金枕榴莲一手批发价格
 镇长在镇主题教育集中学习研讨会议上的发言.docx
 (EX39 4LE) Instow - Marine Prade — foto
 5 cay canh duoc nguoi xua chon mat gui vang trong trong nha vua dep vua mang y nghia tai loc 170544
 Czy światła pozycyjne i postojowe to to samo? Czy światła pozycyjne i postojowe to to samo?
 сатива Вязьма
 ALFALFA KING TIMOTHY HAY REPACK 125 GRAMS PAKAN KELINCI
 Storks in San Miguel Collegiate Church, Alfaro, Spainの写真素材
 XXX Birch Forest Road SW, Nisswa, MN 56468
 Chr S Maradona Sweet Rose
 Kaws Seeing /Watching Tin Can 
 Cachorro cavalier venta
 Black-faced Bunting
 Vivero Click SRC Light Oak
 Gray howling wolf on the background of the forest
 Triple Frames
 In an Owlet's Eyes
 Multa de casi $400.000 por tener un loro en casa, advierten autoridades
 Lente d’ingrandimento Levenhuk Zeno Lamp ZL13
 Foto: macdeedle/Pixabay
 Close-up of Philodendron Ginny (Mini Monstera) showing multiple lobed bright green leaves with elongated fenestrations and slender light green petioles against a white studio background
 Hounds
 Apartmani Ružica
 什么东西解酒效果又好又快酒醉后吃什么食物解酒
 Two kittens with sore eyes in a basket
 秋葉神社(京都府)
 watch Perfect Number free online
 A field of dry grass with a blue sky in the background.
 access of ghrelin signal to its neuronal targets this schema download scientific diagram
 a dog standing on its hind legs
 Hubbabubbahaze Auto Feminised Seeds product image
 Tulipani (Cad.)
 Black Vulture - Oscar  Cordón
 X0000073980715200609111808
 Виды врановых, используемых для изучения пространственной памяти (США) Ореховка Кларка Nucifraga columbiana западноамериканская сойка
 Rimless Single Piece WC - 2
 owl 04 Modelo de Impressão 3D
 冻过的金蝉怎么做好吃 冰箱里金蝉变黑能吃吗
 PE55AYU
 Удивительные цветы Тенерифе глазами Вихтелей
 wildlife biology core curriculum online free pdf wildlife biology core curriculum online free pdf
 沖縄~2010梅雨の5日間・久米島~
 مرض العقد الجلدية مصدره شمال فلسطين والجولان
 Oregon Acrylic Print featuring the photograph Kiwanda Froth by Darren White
:::
Scan the entries above. Copy each line that has the string "Black".

**SOLUTION:**
 Black-faced Bunting
 Black Vulture - Oscar  Cordón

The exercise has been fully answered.